*Your instructions:* Please set down only the lines running from the one with "Può includere: Scatola" through the last line of the entries, exactly as written and without any pictures.

*Input material:*
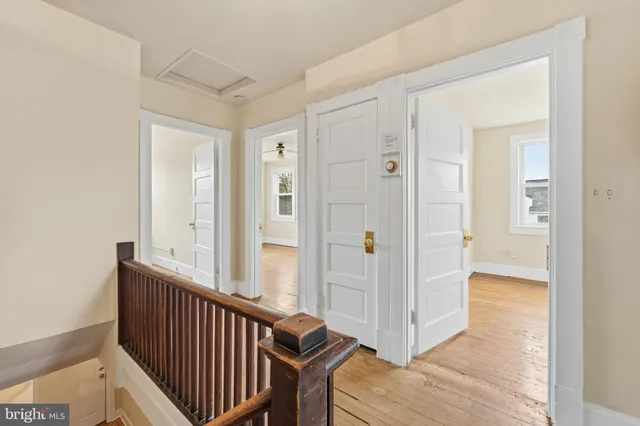 a view of a hallway with wooden floor and entryway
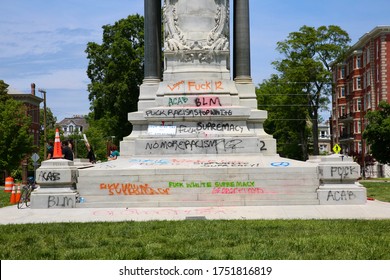 RICHMOND, VIRGINIA, USA - June 2, 2020: Base of Robert E. Lee statue defaced with graffiti during Black Lives Matter protest.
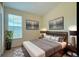 Comfortable bedroom featuring modern décor, large window, and soft, neutral color palette at 1688 Aquamarine Dr, Brighton, CO 80603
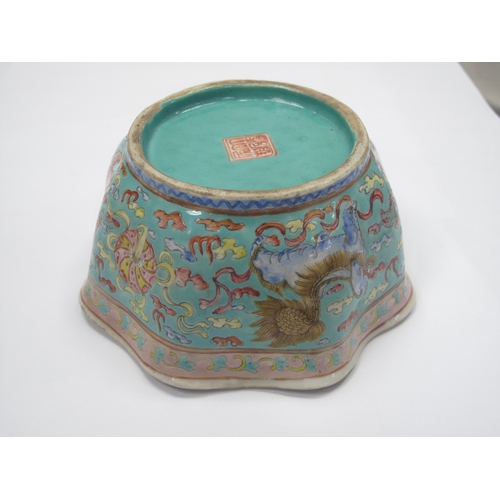 1326 - Oriental - Pottery bowl decorated with three temple lions on turquoise ground, with wavy rim, 14cm w... 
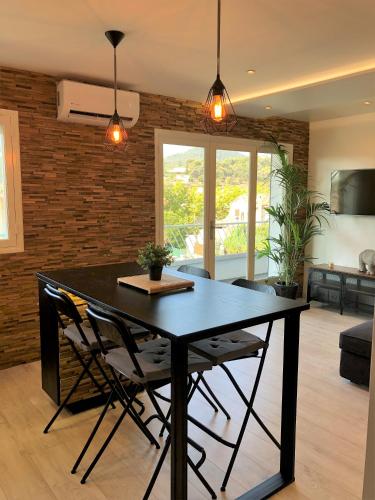 une salle à manger avec une table et des chaises noires dans l'établissement Confort à Carqueiranne, à Carqueiranne
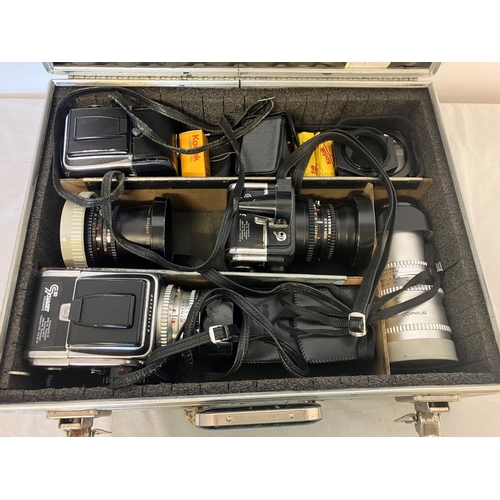 204 - An Industrial Photographer's cased collection of cameras, lenses, etc. See photo.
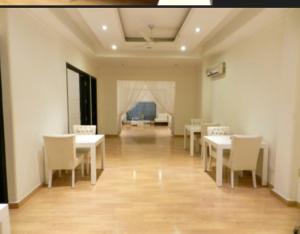 a dining room with white tables and chairs and a couch at The G8 in Noida +16 photos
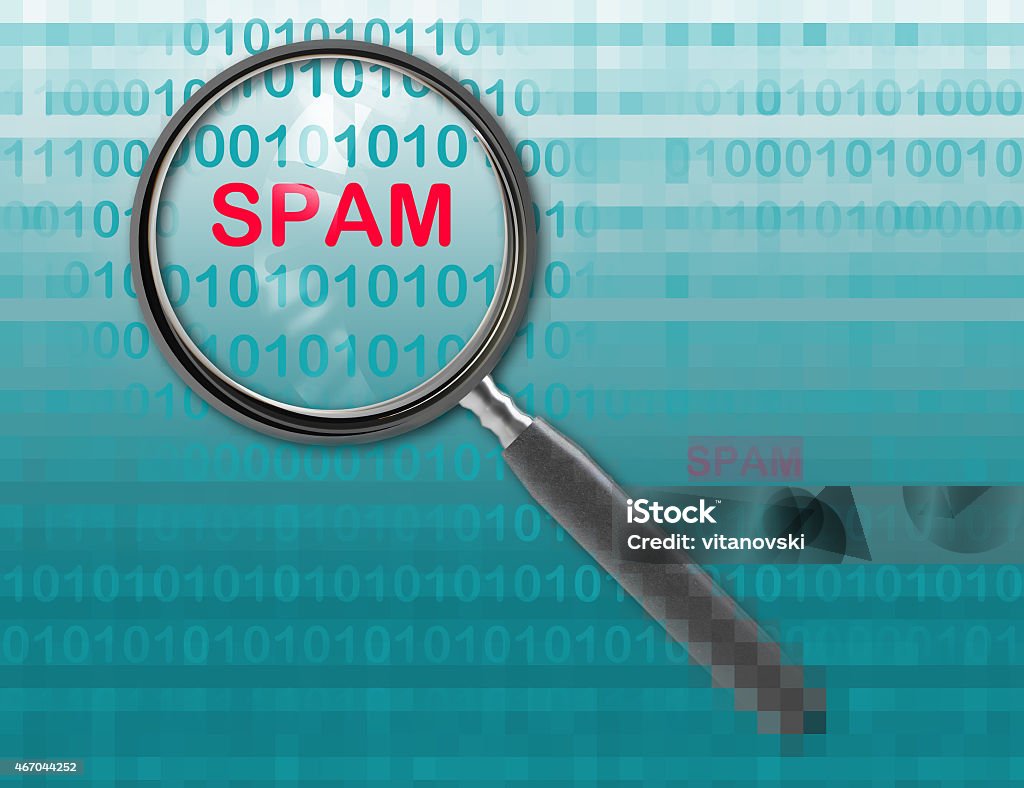 spam Close up of magnifying glass on spam 2015 Stock Photo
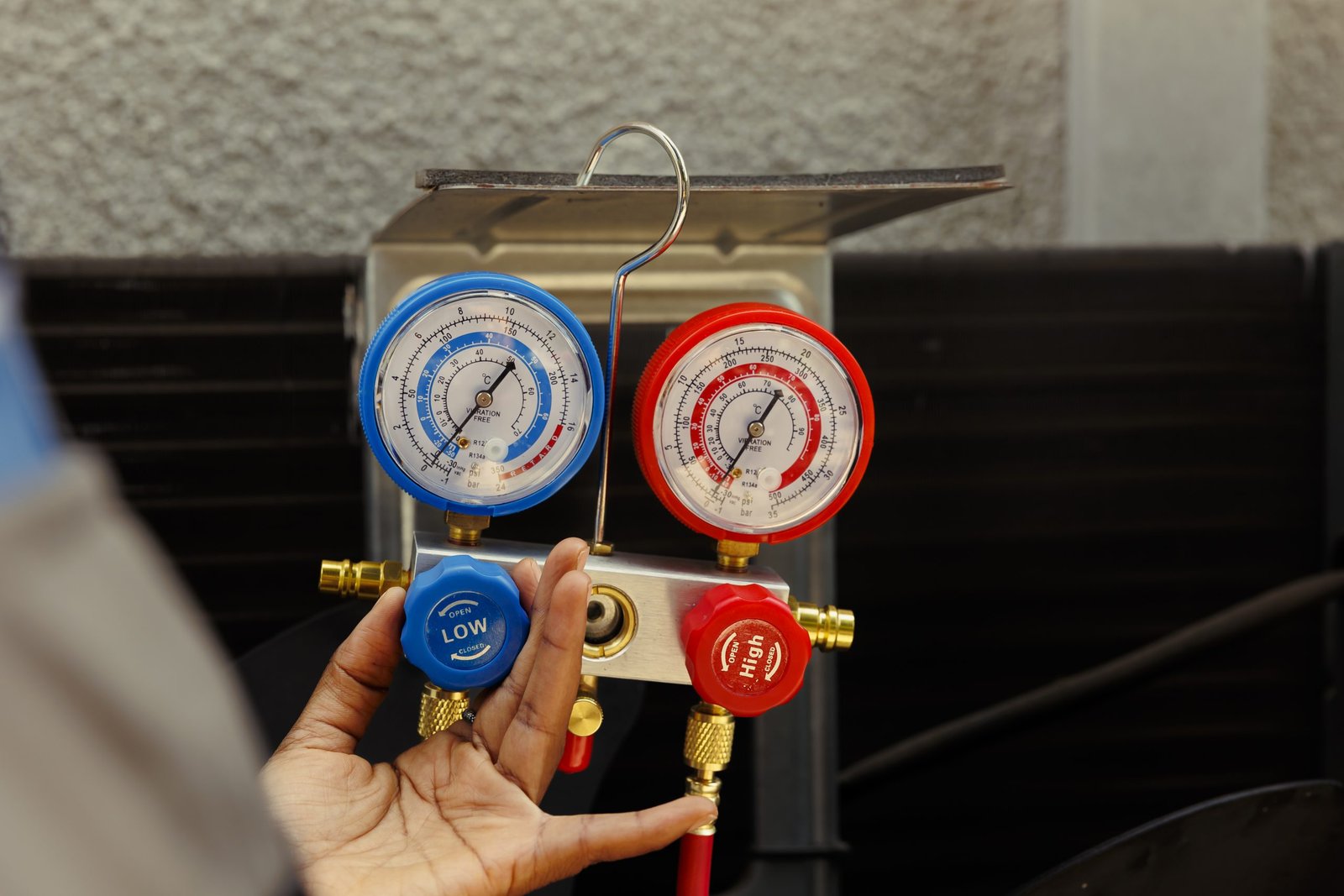 Close up of manifold gauges able to find out of order expansion valve, moisture intrusion and other hvac system internal problems. Licensed serviceman using professional gadget to read pressure levels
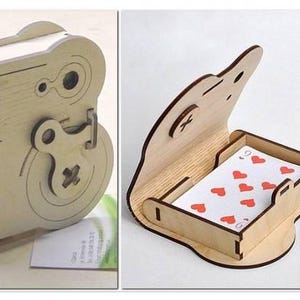 Può includere: Scatola di carte da gioco in legno dal design unico. La scatola è marrone chiaro e ha una chiusura a scatto. La scatola aperta rivela una carta da gioco con cuori rossi. Il design ricorda una fotocamera vintage.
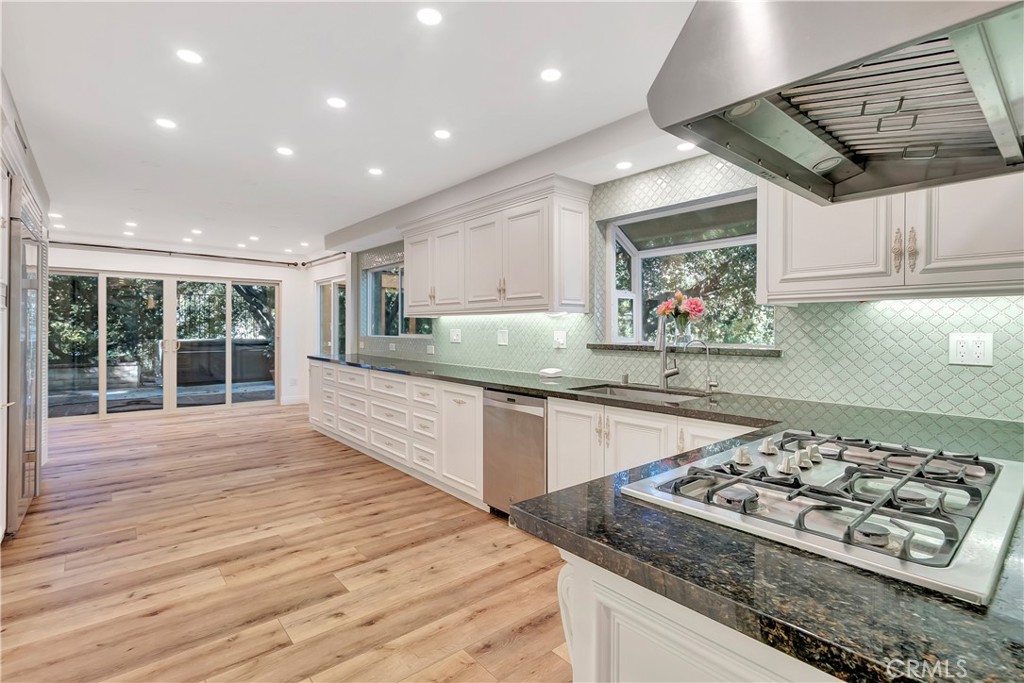 119 Bell Cyn Road Bell Canyon, CA 91307 - Photo 4 of 18 a kitchen with stainless steel appliances granite countertop a stove and a wooden cabinets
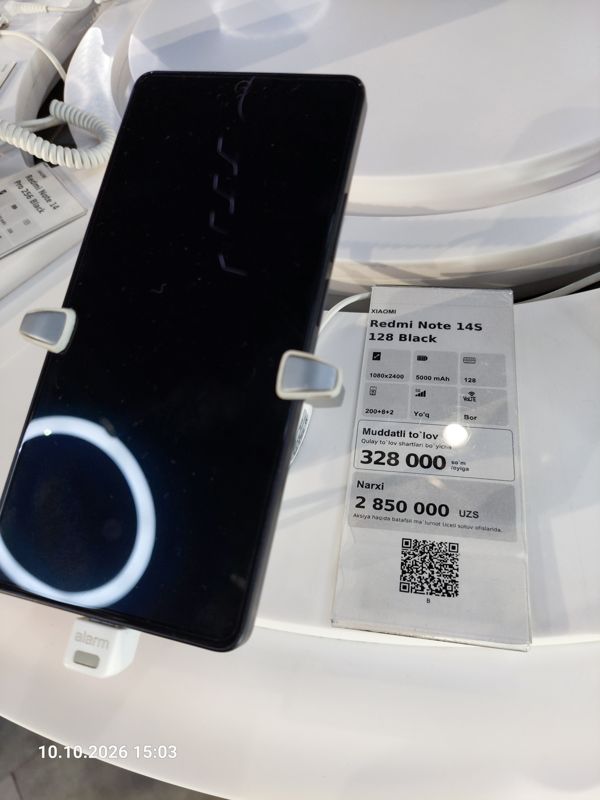 Смартфон Xiaomi на витрине Ucell в держателе с сигнализацией, рядом ценник-карточка: XIAOMI Redmi Note 14S 128 Black, 2 850 000 сум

*Completed task:*
 Può includere: Scatola di carte da gioco in legno dal design unico. La scatola è marrone chiaro e ha una chiusura a scatto. La scatola aperta rivela una carta da gioco con cuori rossi. Il design ricorda una fotocamera vintage.
 119 Bell Cyn Road Bell Canyon, CA 91307 - Photo 4 of 18 a kitchen with stainless steel appliances granite countertop a stove and a wooden cabinets
 Смартфон Xiaomi на витрине Ucell в держателе с сигнализацией, рядом ценник-карточка: XIAOMI Redmi Note 14S 128 Black, 2 850 000 сум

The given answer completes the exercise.